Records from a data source
== Segment start ==

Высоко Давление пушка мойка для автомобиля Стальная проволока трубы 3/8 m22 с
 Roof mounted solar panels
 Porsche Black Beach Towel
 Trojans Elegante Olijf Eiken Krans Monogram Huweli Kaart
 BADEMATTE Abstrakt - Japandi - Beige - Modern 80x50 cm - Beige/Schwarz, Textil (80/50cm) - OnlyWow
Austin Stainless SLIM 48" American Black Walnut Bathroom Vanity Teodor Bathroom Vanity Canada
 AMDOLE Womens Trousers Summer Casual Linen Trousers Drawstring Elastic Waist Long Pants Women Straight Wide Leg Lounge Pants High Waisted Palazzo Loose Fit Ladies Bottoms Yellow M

== Segment end ==

(Task prompt): Write out the data a second time, exactly the same.

(Answer box):
Высоко Давление пушка мойка для автомобиля Стальная проволока трубы 3/8 m22 с
 Roof mounted solar panels
 Porsche Black Beach Towel
 Trojans Elegante Olijf Eiken Krans Monogram Huweli Kaart
 BADEMATTE Abstrakt - Japandi - Beige - Modern 80x50 cm - Beige/Schwarz, Textil (80/50cm) - OnlyWow
Austin Stainless SLIM 48" American Black Walnut Bathroom Vanity Teodor Bathroom Vanity Canada
 AMDOLE Womens Trousers Summer Casual Linen Trousers Drawstring Elastic Waist Long Pants Women Straight Wide Leg Lounge Pants High Waisted Palazzo Loose Fit Ladies Bottoms Yellow M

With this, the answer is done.